> WORK TO BE COMPLETED
Could you write out the records below exactly as they appear, leaving out any pictures?

Pictures with short captions
◇ ◇ ◇
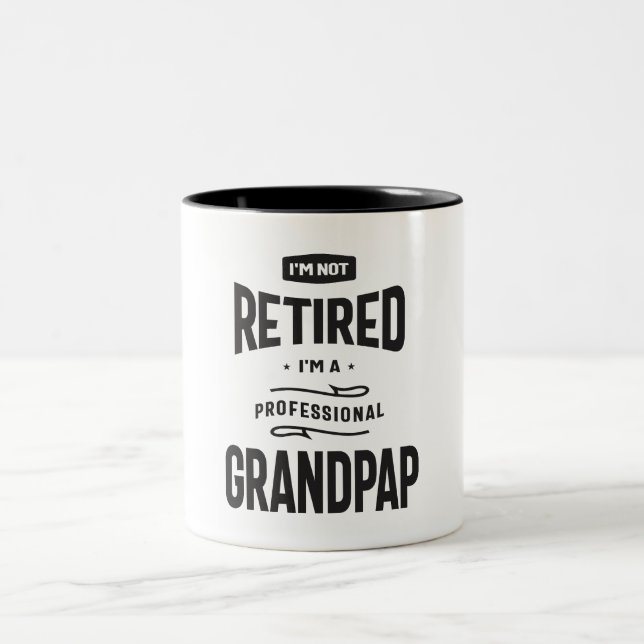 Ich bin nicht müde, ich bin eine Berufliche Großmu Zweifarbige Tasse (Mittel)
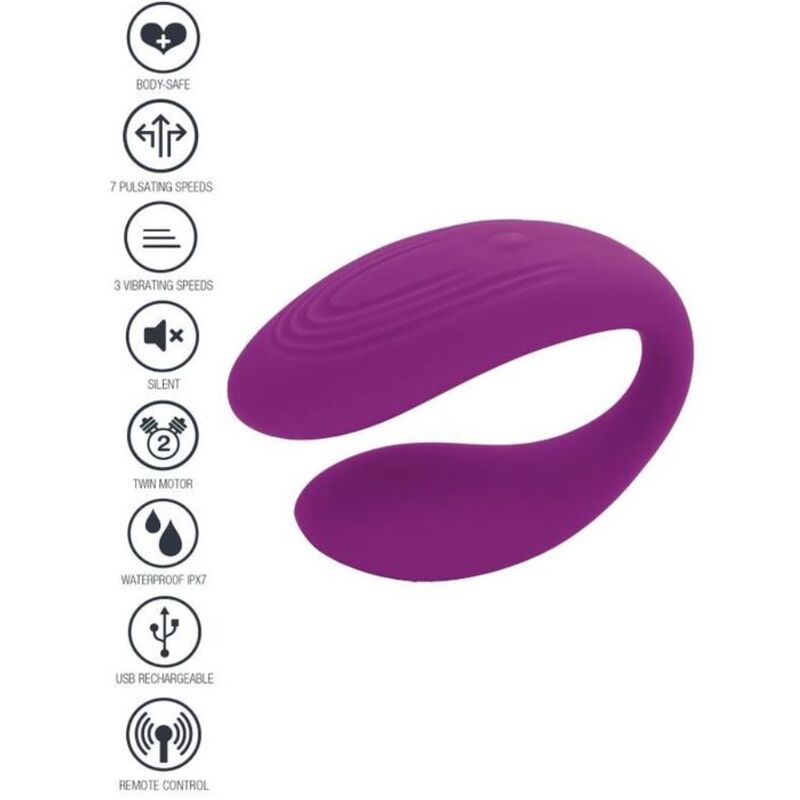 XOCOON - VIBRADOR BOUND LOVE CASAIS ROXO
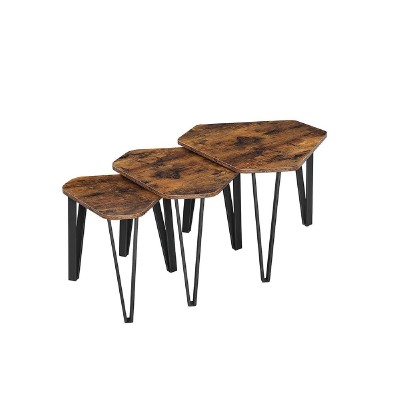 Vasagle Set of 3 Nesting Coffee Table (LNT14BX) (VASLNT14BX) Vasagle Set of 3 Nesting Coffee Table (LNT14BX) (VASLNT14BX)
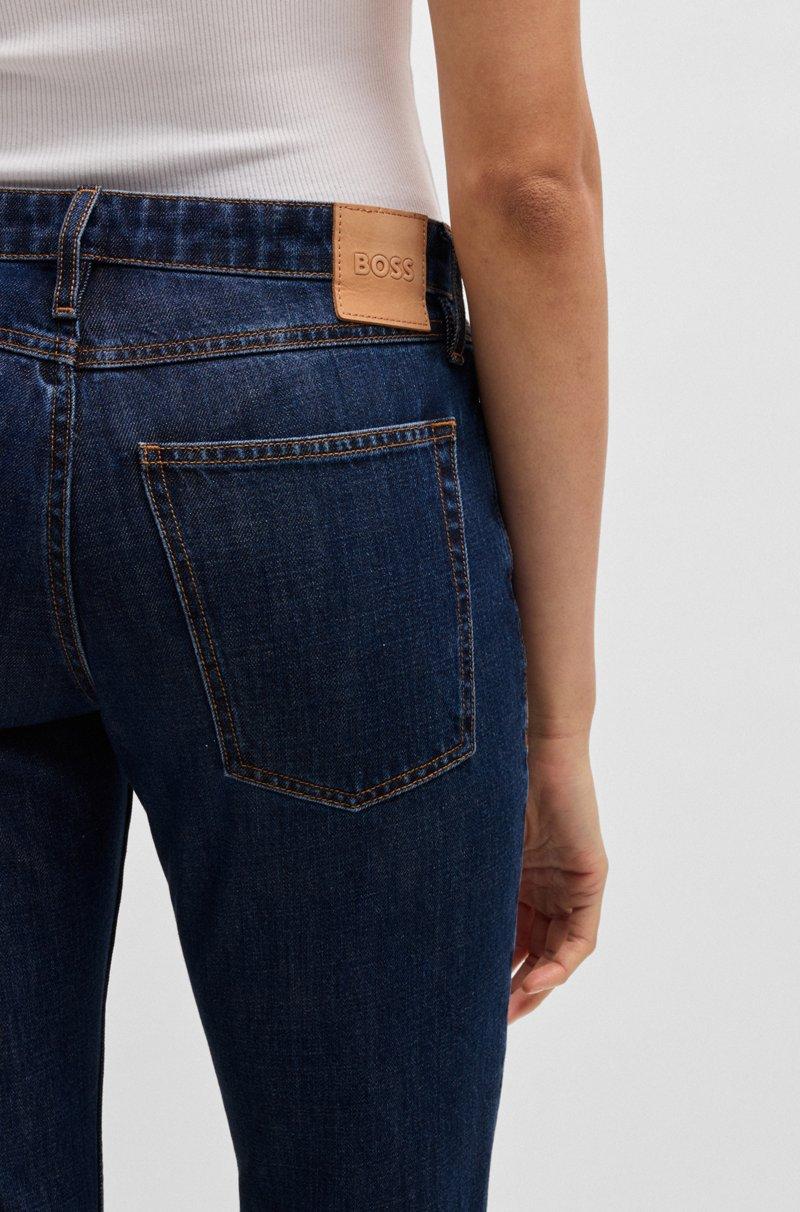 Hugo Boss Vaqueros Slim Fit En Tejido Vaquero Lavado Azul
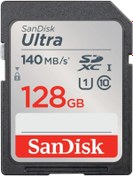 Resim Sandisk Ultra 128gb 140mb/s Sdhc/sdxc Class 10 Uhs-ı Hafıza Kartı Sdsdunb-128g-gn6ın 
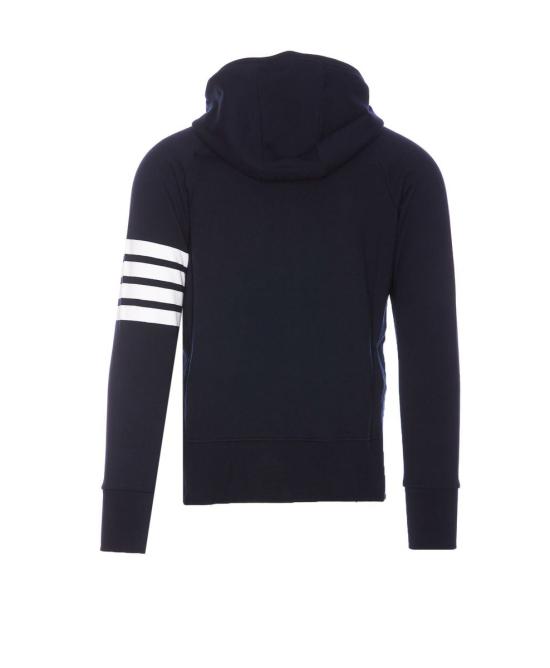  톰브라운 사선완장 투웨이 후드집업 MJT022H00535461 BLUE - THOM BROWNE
◇ ◇ ◇
> TASK OUTPUT
 Ich bin nicht müde, ich bin eine Berufliche Großmu Zweifarbige Tasse (Mittel)
 XOCOON - VIBRADOR BOUND LOVE CASAIS ROXO
 Vasagle Set of 3 Nesting Coffee Table (LNT14BX) (VASLNT14BX) Vasagle Set of 3 Nesting Coffee Table (LNT14BX) (VASLNT14BX)
 Hugo Boss Vaqueros Slim Fit En Tejido Vaquero Lavado Azul
 Resim Sandisk Ultra 128gb 140mb/s Sdhc/sdxc Class 10 Uhs-ı Hafıza Kartı Sdsdunb-128g-gn6ın 
  톰브라운 사선완장 투웨이 후드집업 MJT022H00535461 BLUE - THOM BROWNE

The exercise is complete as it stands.